One rally participant, whom the CBC is not naming because she plans to return to Iran and fears for her safety, said many Iranian women have been punished for not following the compulsory hijab and modesty laws under the Islamic Republic's regime.
"You're a woman. You have hair. You can't help it. They cannot take something that is natural from you. Something such as your hair, your body — whoever you are, they cannot take it from you, and they want to do that," she said.
The university student is in Canada to complete her master's degree, and has been in contact with loved ones back home.
"I feel at least like I [got to] somehow run away. But they're there, and I'm not happy all the time because I think about them, and I think about my land as someplace taken away from me," she said.
Rally co-organizer Saeideh Mirzaei wants Canadians to understand what it's like to live under an oppressive regime.
"Imagine people come to you and say to you: why do you wear these clothes?
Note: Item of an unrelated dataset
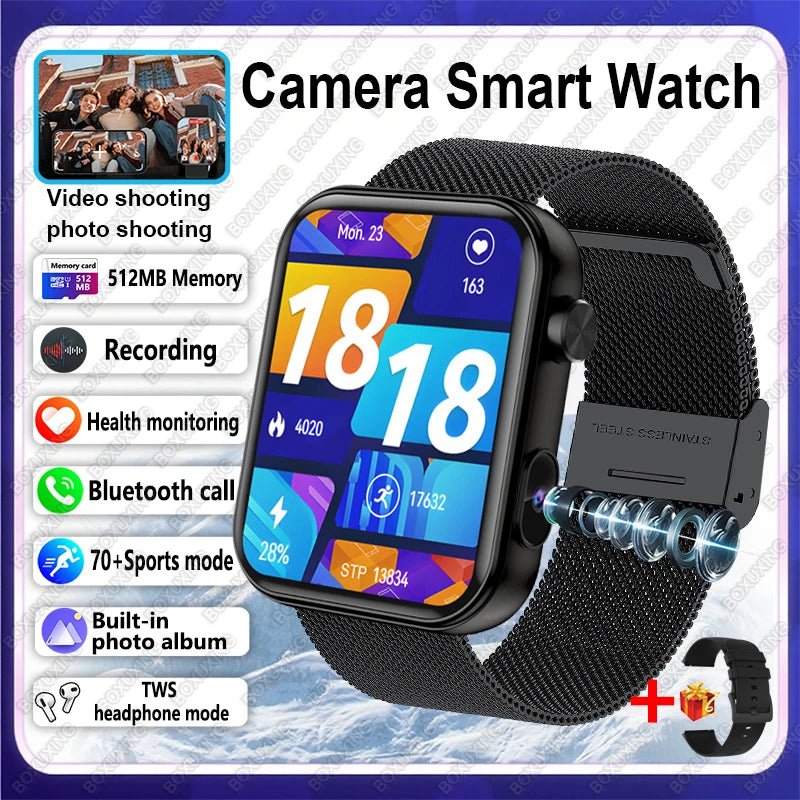 BOXUXING New Camera Smart Watch Men Women Photos Record Video Health Monitor - Omystec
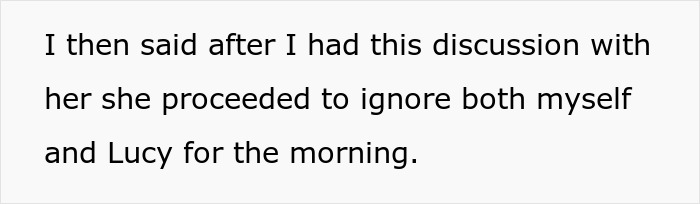 Text message discussing how someone ignored colleagues in the morning.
Why is your scarf loose? And then they arrest you," Mirzaei said.
The whole country is in mourning, she said.
Iranian police fired tear gas on Saturday to disperse protesters who gathered at Amini's funeral in Saqez, her Kurdistan hometown.
Mirzaei said it's bittersweet to be able to live freely in Canada while her loved ones and family back home cannot.
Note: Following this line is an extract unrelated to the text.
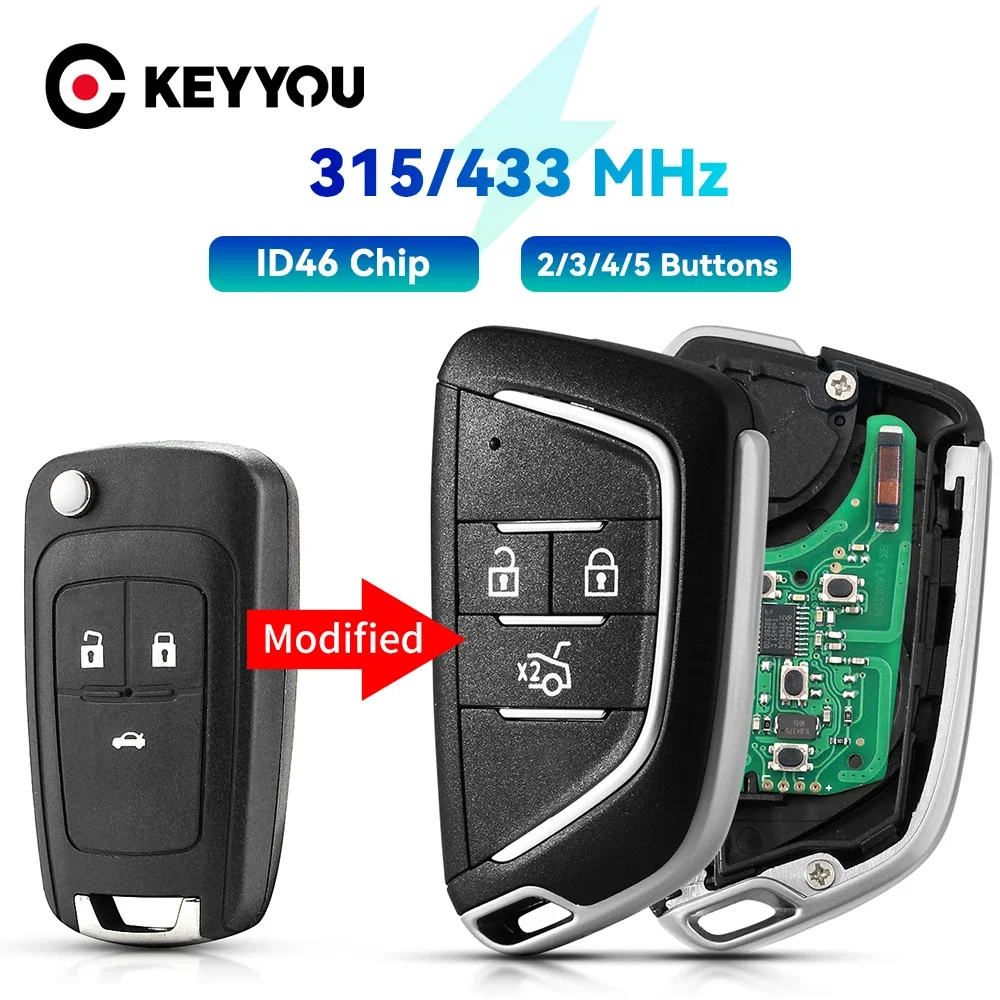 KEYYOU 315/433 MHz ID46 Chip inteligentna kontrola zmodyfikowana klapka kluczyk samochodowy z pilotem do chevroleta Cruze Sail Orlando Malibu Aveo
"We are here because of a better life, but this doesn't mean that we forget what is happening there," she said.
Arianpour wants people to understand that most Iranians are secular and do not hold the same beliefs as the Islamic Republic.
"I would like everybody to study, if they can, what Persia has been, what Iran was before the revolution, and what Iranians today are doing and have been doing for four decades."